経済危機と言えば、東北震災の後、傲岸不遜の経済学者、ラリー サマーズが、「日本は大変貧しい国になる」と予言しました。私は、震災と原発災害のことを言っているのだろうと最近まで思っていましたが、週末、ドジョウがTPP交渉参加意志表明という官僚原稿を棒読みするのを聞いて、サマーズが日本が大変貧しくなると言ったのは、このことを言っていたのかも知れない、と思い直しました。一般日本人の生活レベルをグローバルスタンダードまでに落とし込むのと引き換えにアメリカ企業の利益を産むためのスキームTPPを、空きカンや財務官僚の傀儡のドジョウらBKD(売国奴のことを最近はこう言うそうです)を使って、他ならぬアメリカが、シュクシュクと進行させてきたのですから、サマーズが日本の貧しい将来を予言できるのも当然なのです。

アメリカとは独立にアジア外交をしようとした田中角栄を、ロッキード事件を使ってハメたことに対して、キッシンジャーが「あれはやりすぎた」と言ったという話を最近、どこかで読みました(ちょっと、どこか思い出せません)。また、キッシンジャーは、「日本人はあたり前のことを受け入れるのに、議論を延々とやって15年かかる」とかつて言ったという話も田中良さんのブログで前に知りました。つまり、明治維新と日米安保のことを言っているのです。明治維新と言えば聞こえはいいですが、早い話、外圧に負けて力ずくで開国させられた(城を開け渡した)だけのことで、日本人がいくら反対だ賛成だという議論をしたところで、日本は力で負けたのだから開国することは最初から決まっていたのです。日米安保も同じことで、戦争に勝ったアメリカからしてみれば、日本をアメリカの軍事属国にすることは日本人がいくら反対したところで最初から決まっていた話で、抵抗したところで覆るわけもないのに、日本人はウダウダと何を無意味な議論をしているのか、バカではないのか、と思っていたワケです。TPPもアメリカ様が日本に参加しろと言っているのだから参加しないという選択は日本にはないし、沖縄米軍基地の県外移転もアメリカ様がイヤだと言っているのだからできないのだ、少なくともアメリカと日本官僚はそう思っているワケです。アメリカにとってみれば、最初から決まっているのだからさっさとやれよ、という事でしょう。
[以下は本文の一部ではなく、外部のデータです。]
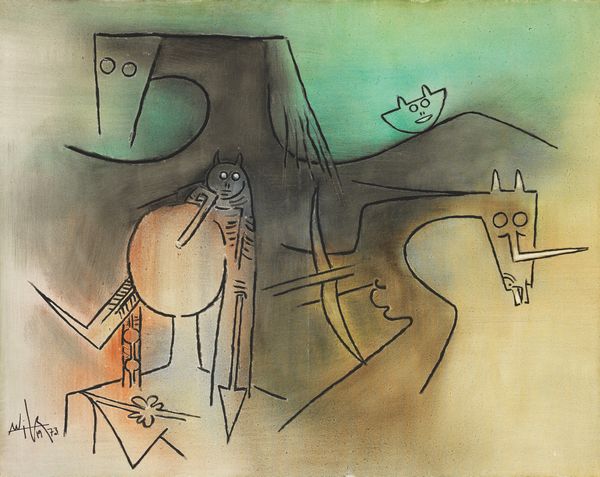 Wifredo Lam : Figures  - Asta Dipinti, Disegni, Sculture e Grafica - Associazione Nazionale - Case d'Asta italiane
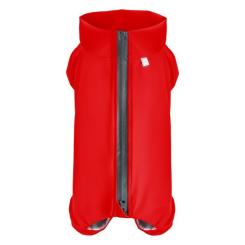 Дождевик для животных WAUDOG Clothes водонепроницаемый S40 красный Фото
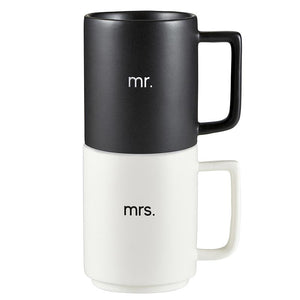 Mr. and Mrs. Stackable Mug Set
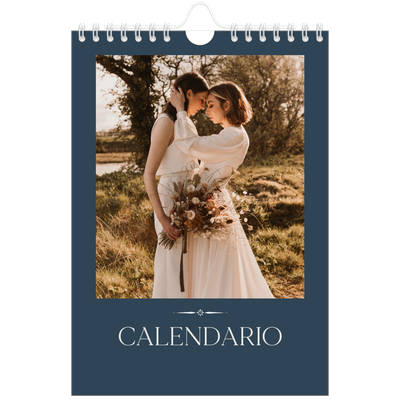 Calendario personalizado A5 — Pizarra y caligrafía [portada]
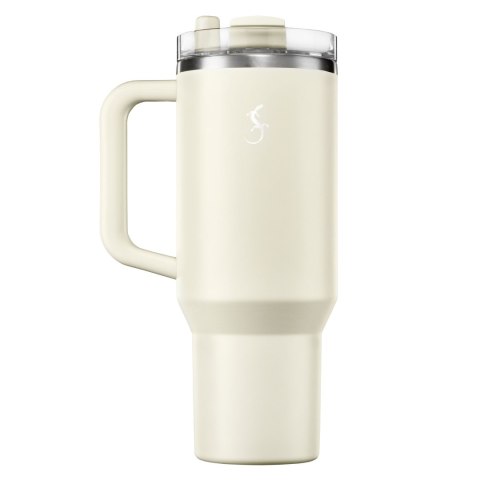 Kubek termiczny, stal nierdzewna, 1,2 l, kremowy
しかるに、どうして日本は最初から決まっている結論に到達するのに、何年もウダウダと議論するのかということです。私自身はこの手の責任所在があいまいで決断が遅い日本社会の体質がガマンなりませんが、日本がこういう意思決定の方法をとるそれなりの理由があるような気がするのです。

昔、国会で、牛歩戦術というのがありました。成立が最初からわかっている与党法案に対して、野党が議員席から投票箱に票を投じるのに異常に長い時間をかけることによって抵抗したという社会党の得意技です。理屈上は、国会の会期終了まで牛歩で採決を送らせれば、その法案は一旦廃案になり成立を一時的に阻止できるわけです。しかし、与党の議員数が法案成立のための数を満たしていれば、いずれは法案は成立するわけで、牛歩をやったところで結果は変らないのです。実際、牛歩をやっている国会中継を見ると、まるでパロディー番組としか思えないバカバカしさです。であるのになぜやるのか。パフォーマンスに加え、もう一つは実際、多少の「時間稼ぎ」ができるという理由ではないかと思います。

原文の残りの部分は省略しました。